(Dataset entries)
-------------------------
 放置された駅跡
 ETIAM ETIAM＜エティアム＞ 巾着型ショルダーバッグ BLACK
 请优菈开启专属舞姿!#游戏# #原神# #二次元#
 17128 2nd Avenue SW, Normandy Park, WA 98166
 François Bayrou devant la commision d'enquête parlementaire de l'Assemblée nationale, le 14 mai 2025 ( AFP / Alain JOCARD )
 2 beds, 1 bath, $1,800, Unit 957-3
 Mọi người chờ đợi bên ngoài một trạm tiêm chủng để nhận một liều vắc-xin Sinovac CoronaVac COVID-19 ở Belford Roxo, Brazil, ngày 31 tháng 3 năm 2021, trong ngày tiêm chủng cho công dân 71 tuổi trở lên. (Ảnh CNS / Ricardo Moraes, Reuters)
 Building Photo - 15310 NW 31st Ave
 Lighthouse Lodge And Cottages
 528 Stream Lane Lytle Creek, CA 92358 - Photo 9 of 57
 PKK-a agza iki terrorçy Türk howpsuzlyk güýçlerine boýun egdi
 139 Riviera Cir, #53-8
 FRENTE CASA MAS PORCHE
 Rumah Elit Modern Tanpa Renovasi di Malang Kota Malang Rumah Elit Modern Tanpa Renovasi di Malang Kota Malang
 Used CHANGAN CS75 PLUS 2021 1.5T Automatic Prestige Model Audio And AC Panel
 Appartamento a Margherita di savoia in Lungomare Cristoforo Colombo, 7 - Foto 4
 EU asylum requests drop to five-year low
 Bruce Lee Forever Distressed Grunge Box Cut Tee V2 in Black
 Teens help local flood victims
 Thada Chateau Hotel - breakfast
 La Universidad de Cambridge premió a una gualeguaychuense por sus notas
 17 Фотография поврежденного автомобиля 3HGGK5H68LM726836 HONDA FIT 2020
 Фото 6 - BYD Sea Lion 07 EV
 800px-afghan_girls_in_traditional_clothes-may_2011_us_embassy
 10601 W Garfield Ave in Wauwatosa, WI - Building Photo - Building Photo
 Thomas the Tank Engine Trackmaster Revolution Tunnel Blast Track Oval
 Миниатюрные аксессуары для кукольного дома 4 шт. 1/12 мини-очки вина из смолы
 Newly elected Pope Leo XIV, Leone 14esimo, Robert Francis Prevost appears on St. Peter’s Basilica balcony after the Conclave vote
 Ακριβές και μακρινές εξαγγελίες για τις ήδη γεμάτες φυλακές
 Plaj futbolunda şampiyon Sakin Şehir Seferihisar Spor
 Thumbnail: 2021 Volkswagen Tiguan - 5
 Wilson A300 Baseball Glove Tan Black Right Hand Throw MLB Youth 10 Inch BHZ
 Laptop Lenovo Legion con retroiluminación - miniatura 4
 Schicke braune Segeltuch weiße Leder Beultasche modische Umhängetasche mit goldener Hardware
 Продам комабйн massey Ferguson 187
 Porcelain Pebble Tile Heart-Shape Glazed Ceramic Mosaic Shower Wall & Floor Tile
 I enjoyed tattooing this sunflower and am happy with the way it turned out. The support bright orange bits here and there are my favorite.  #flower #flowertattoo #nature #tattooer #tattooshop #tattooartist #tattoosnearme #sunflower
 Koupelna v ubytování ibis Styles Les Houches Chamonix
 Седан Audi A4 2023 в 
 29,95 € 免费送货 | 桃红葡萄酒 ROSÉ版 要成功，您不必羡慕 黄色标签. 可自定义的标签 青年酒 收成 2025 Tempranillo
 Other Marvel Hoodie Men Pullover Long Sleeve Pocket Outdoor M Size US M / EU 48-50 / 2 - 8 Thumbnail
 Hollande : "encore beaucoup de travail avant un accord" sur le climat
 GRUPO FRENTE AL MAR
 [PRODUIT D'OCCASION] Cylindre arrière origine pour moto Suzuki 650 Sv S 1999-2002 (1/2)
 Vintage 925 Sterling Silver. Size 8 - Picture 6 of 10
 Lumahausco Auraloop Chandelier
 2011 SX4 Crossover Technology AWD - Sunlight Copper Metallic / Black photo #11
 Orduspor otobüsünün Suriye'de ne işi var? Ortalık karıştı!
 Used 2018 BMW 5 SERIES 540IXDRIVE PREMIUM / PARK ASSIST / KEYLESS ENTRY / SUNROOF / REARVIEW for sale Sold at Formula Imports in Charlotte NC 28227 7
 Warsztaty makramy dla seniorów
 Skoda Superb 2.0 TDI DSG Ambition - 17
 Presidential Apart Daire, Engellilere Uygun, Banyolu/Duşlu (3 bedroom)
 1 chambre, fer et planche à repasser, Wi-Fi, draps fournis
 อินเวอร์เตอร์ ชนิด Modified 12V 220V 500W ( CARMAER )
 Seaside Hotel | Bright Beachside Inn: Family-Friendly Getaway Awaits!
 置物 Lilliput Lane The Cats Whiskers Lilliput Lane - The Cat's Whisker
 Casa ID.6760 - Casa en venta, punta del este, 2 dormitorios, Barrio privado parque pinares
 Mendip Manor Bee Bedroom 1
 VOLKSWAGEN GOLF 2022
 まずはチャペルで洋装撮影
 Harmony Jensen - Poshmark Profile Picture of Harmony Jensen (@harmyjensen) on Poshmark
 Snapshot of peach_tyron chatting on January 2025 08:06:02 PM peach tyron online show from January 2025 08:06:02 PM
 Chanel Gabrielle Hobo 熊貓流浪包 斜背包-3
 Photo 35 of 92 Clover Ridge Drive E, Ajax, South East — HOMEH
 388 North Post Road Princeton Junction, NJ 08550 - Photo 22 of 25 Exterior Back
-------------------------
● Task description
If the string "Hotel" is in a line of the entries, pick that line out.

● The completed task
 Thada Chateau Hotel - breakfast
 Seaside Hotel | Bright Beachside Inn: Family-Friendly Getaway Awaits!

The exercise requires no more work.